**Data shown:**
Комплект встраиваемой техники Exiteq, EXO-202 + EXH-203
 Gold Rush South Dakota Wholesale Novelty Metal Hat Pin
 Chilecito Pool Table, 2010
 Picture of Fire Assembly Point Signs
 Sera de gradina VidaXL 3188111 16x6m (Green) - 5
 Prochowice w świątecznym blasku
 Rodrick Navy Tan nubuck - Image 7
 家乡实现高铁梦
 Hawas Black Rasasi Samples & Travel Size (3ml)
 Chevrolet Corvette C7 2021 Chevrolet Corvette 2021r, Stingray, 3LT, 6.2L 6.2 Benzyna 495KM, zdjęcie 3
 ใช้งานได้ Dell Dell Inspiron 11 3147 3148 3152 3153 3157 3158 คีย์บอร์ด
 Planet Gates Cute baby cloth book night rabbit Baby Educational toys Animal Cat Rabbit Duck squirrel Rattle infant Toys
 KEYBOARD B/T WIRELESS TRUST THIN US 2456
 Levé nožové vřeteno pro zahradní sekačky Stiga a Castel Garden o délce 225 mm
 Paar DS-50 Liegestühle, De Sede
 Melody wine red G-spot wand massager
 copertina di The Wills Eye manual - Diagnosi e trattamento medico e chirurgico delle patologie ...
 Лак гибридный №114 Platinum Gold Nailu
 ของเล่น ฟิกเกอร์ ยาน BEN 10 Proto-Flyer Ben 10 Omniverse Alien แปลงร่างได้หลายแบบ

**Exercise description:** Where the line containing "KEYBOARD B/T WIRELESS TRUST THIN US 2456" appears in the records above, begin copying and continue through the last line; copy each line exactly and include no others.

**Response area:**
 KEYBOARD B/T WIRELESS TRUST THIN US 2456
 Levé nožové vřeteno pro zahradní sekačky Stiga a Castel Garden o délce 225 mm
 Paar DS-50 Liegestühle, De Sede
 Melody wine red G-spot wand massager
 copertina di The Wills Eye manual - Diagnosi e trattamento medico e chirurgico delle patologie ...
 Лак гибридный №114 Platinum Gold Nailu
 ของเล่น ฟิกเกอร์ ยาน BEN 10 Proto-Flyer Ben 10 Omniverse Alien แปลงร่างได้หลายแบบ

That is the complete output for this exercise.